Vatican denounces offshore tax havens as harming the poor
VATICAN CITY (AP) — The Vatican is denouncing offshore tax havens and financial instruments such as derivatives and credit default swaps as gravely immoral and unjust, calling them “ticking time bombs” that hurt the world’s poor the most.
In a new document released Thursday, the Vatican’s doctrine office teamed up with its social justice department to give a more solid moral foundation to the Holy See’s oft-repeated call for a more ethical global financial system.
The document, approved by Pope Francis, calls for banks to create internal ethical committees to ensure decisions work for the common good and not just the “myopic egoism” of individual corporate bottom lines. It urged better regulation of financial products and for universities to educate the next generation of business leaders about ethics, not just profits.

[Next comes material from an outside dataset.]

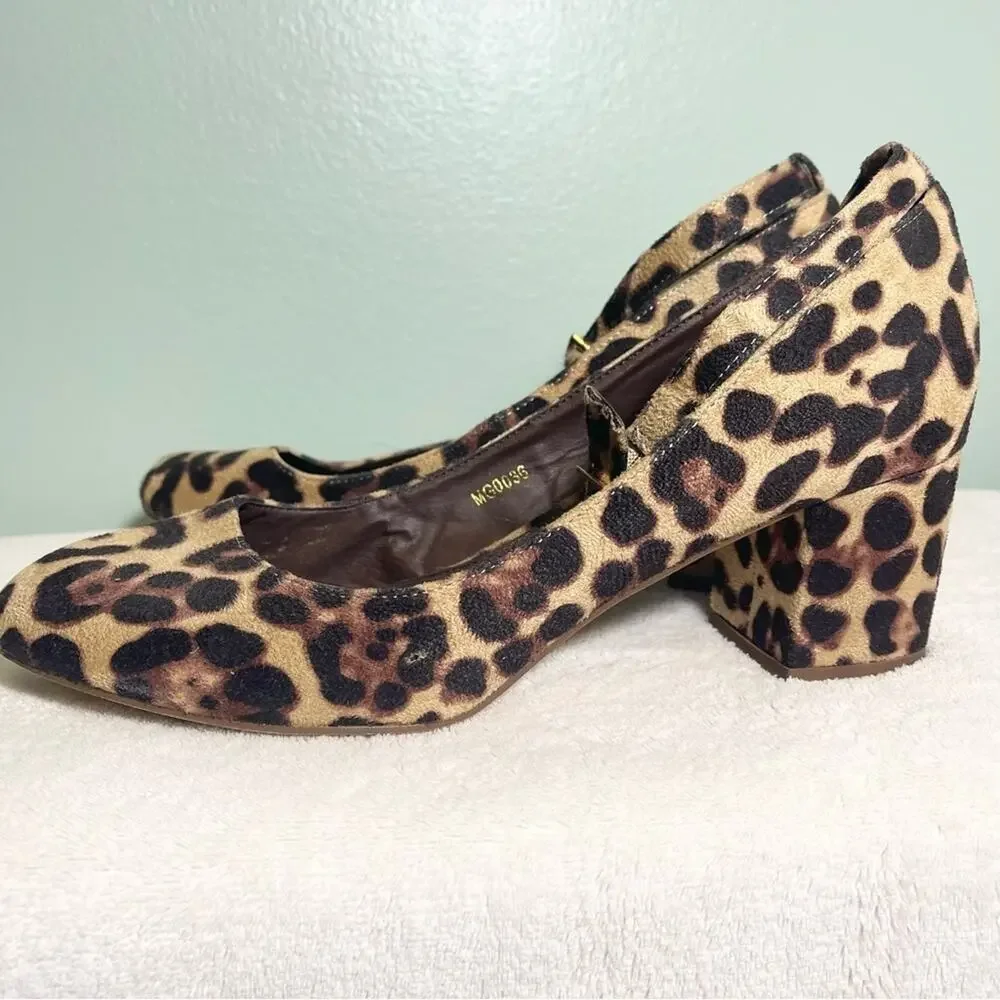 Ollio Women's Brown Leopard Faux Suede Chunky Mid-Heel Ankle Strap Pumps Size 9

“The recent financial crisis could have been the occasion to develop a new economy, more attentive to ethical principles, and a new regulation of financial activities neutralizing the predatory and speculative dimensions,” it said.
Instead, the global financial players have returned to the “heights of myopic egoism” that excludes any consideration of the common good or the need to spread wealth and heal economic inequality, it said.

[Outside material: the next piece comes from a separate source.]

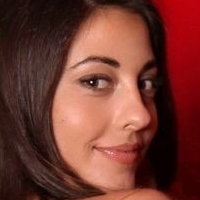 Лорена Б Голи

Notably missing from the document was a call for a global political authority to regulate markets and tax financial transactions. The Vatican’s social justice office, which co-authored the new document, had recommended such an authority in a 2011 document that was widely dismissed even within the Vatican.
Francis and popes before him have frequently denounced the growing income inequality and profit-at-all-cost mentality that drives global capitalism, including in encyclicals and other authoritative teaching documents.

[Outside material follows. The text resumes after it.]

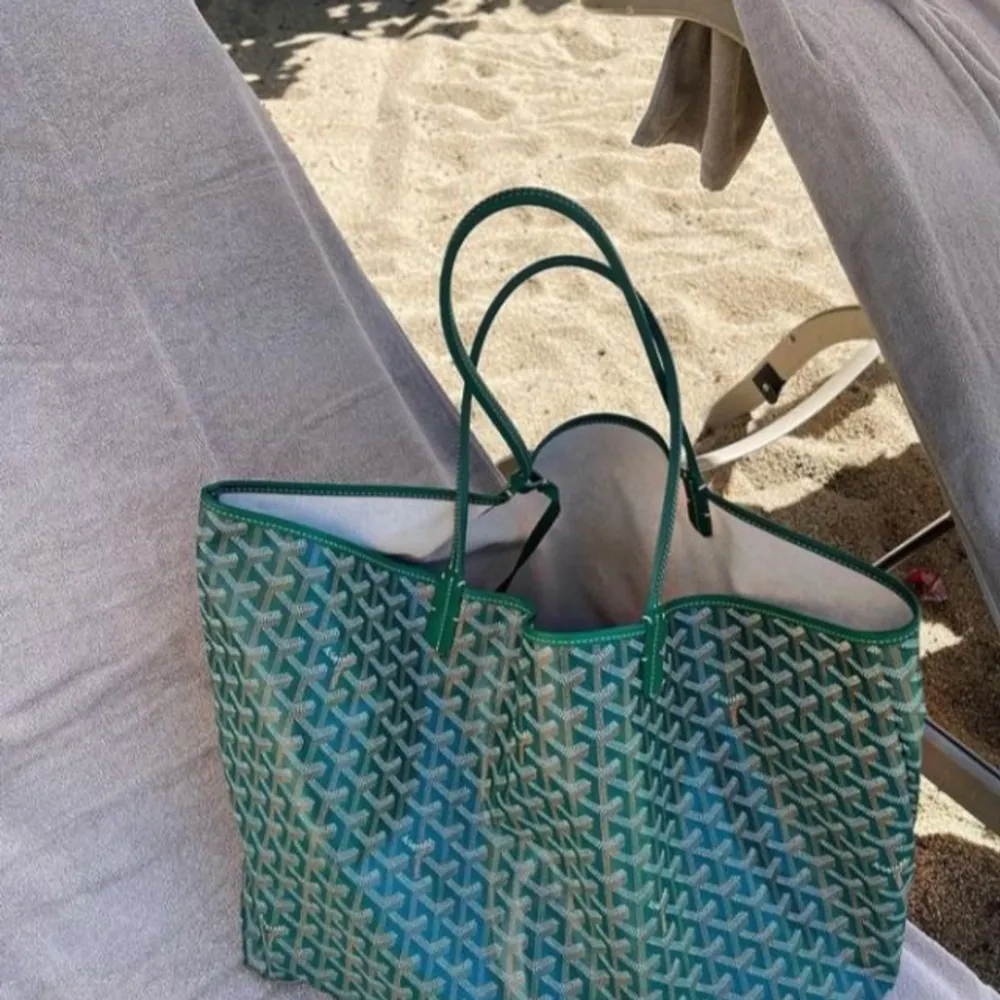 Helt ny Goyard väska i blå, grön och rosa färg. Väskor.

Officials told a news conference Thursday that they thought it was worth articulating considerations about specific aspects of the current economic-financial system for officials who work in the field.
The effort marks something of a shift in attention for the Vatican’s Congregation for the Doctrine of the Faith, which under the past two popes has focused on issues of doctrinal orthodoxy and sexual morality, not social justice and the poor.
History’s first Latin American pope, however, has made those issues the priority of his pontificate, and the document’s publication suggests the Vatican bureaucracy is getting the message.